This is one of those situations where it is helpful to extrapolate to the most extreme possible cases.
Imagine an aircraft in a descending turn, with the descent path incrementally getting steeper and steeper. I.e. the glide ratio is incrementally getting poorer and poorer. The flight path is incrementally getting closer and closer to a vertical rolling dive, with the direction of the roll being toward the lower wingtip.
In less extreme cases, when the flight path is below horizontal, but not yet vertical, note that a non-zero roll rate is needed just to maintain a constant bank angle, with the direction of roll being toward the low wingtip. If the roll rate decreases below the required value, the bank angle will decrease.
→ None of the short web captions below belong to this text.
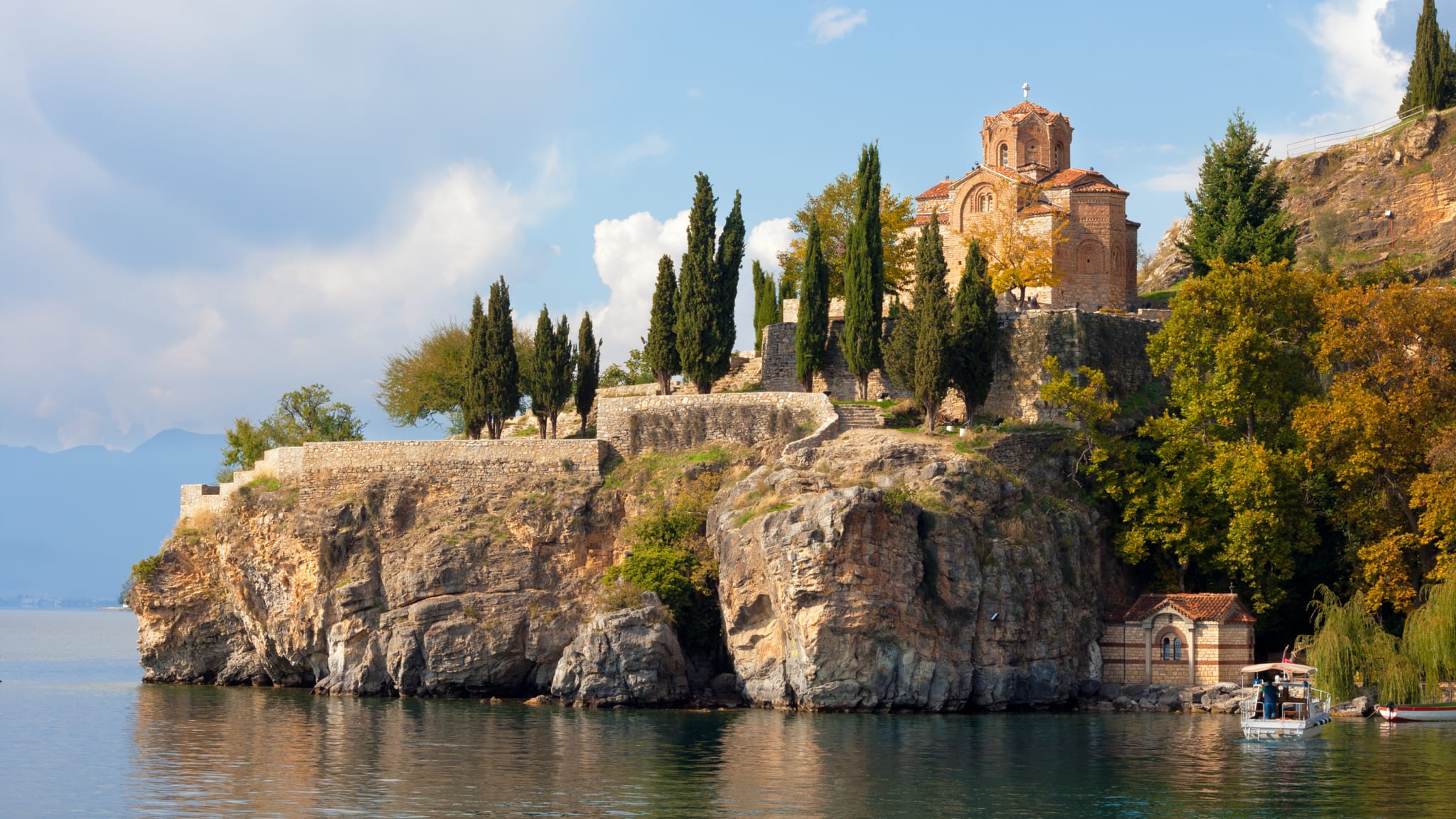 Ohrid Lake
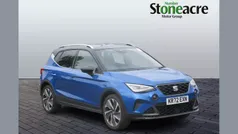 Blue Used 2022 Seat Arona FR Sport SUV | £14,500 (Fair price)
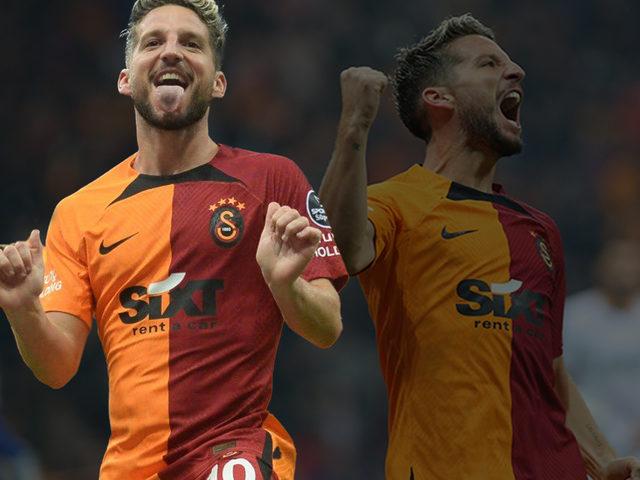 Icardi yoksa Mertens var! G.Saray'dan geri dönüş...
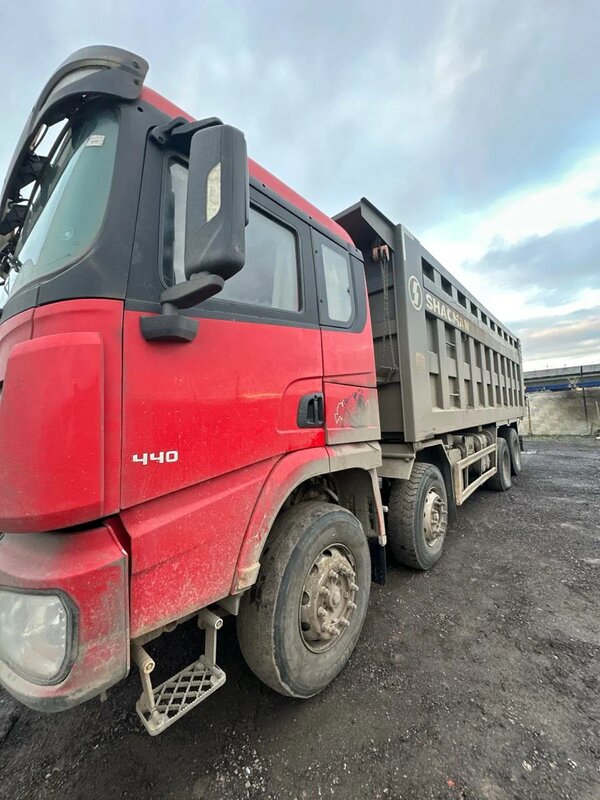 Shacman (Shaanxi) SX 8x4 Самосвал — фото 2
At the extreme limit case where the flight path truly is aimed vertically downward, the wing is generating no lift, and the aircraft's weight is entirely supported by the drag vector. In this case turn radius is zero, and the bank angle is undefined, and the roll rate is no longer constrained by the dynamics of the turn. The pilot can set the ailerons to any position he or she desires, and the roll rate will be limited only by the aerodynamic "damping" effect in the roll axis.
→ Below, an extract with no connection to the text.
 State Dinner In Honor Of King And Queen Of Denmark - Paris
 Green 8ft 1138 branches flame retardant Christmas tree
Note that if the airspeed is stipulated to be constant, then as the flight path gets progressively more vertical, the component of the airspeed vector which is tangential to the circle of the turn-- i.e. the horizontal component of the airspeed vector-- gets progressively smaller. This means that a progressively smaller centripetal force component is needed to obtain a given turn radius, and also that a given centripetal force component will drive a progressively tighter (smaller) turn radius.
Of course the situation is complicated by the fact that the centripetal force component is not constant, because as the flight path gets progressively steeper, a progressively larger portion of the aircraft weight is borne by the drag vector rather than lift vector, so the lift vector gets smaller. Still, the net effect is that due to the decreasing turn radius, the turn rate will increase as the flight path gets steeper, given the assumption of constant airspeed and constant bank angle.
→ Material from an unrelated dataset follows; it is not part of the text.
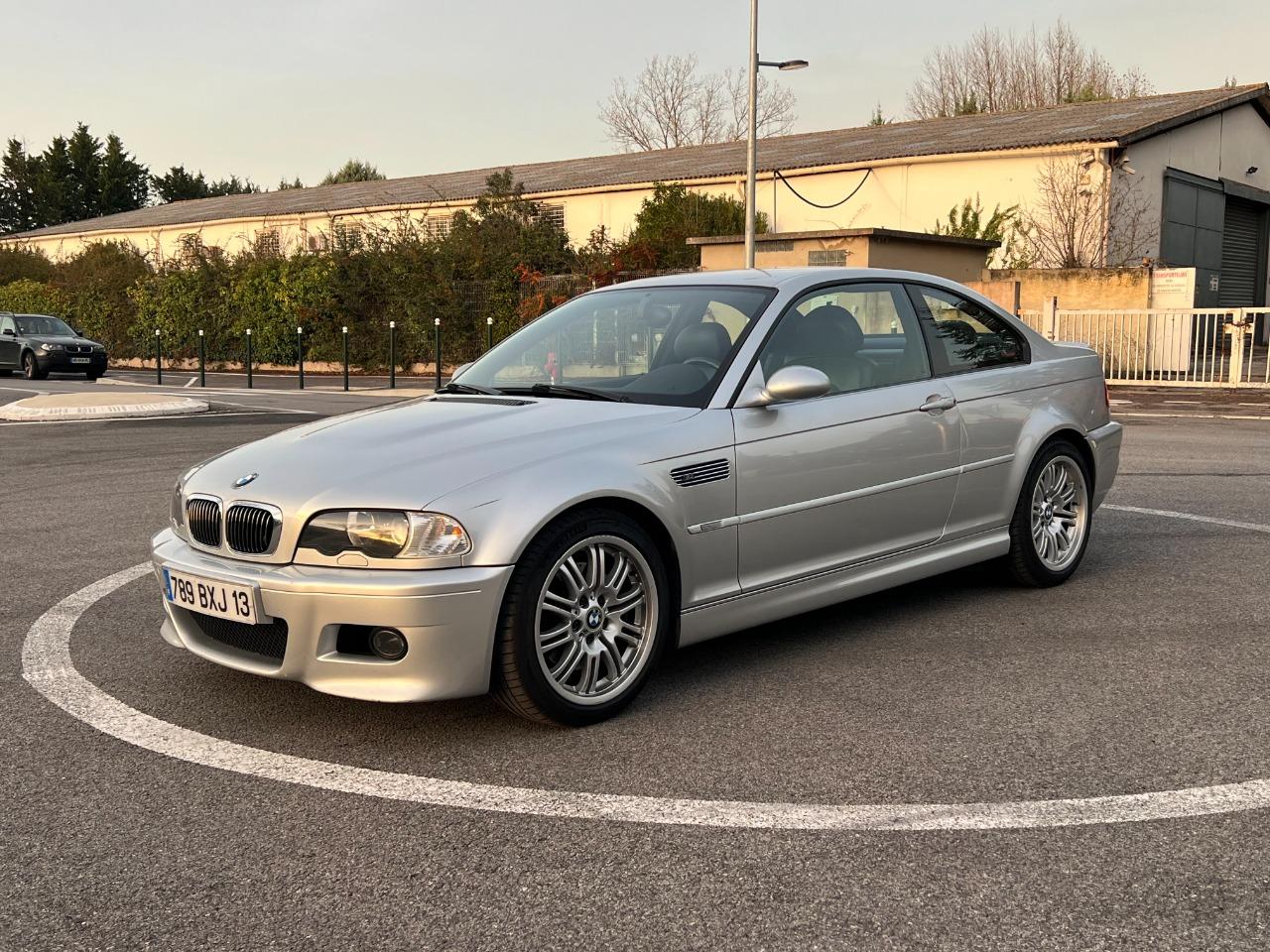 BMW M3 E46 3.2 SMG2 - 2002 LesAnciennes.com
Essentially all the same logic applies to a climbing turn as well. The main differences are that 1) the climbing turn, it is the thrust vector rather than the drag vector that supports some of the aircraft weight, and 2) in the climbing turn, the direction of roll required to maintain a constant bank angle is toward the high wing tip, not the low wingtip, so if the roll rate falls below the required value, the bank angle will increase, and 3) the extreme limit case is a vertical rolling climb with the direction of roll being toward the wingtip that was the higher wingtip when the flight path was less vertical. The end result will be the same-- the turn rate will be higher when the flight path is more vertical than when the flight path is entirely horizontal, given the assumptions of a constant airspeed and a constant bank angle.
In the real world, of course, the idea of using one given constant airspeed for a wide variety of trajectories ranging from vertical rolling climbs to ordinary horizontal turns to vertical rolling dives doesn't make a lot of sense.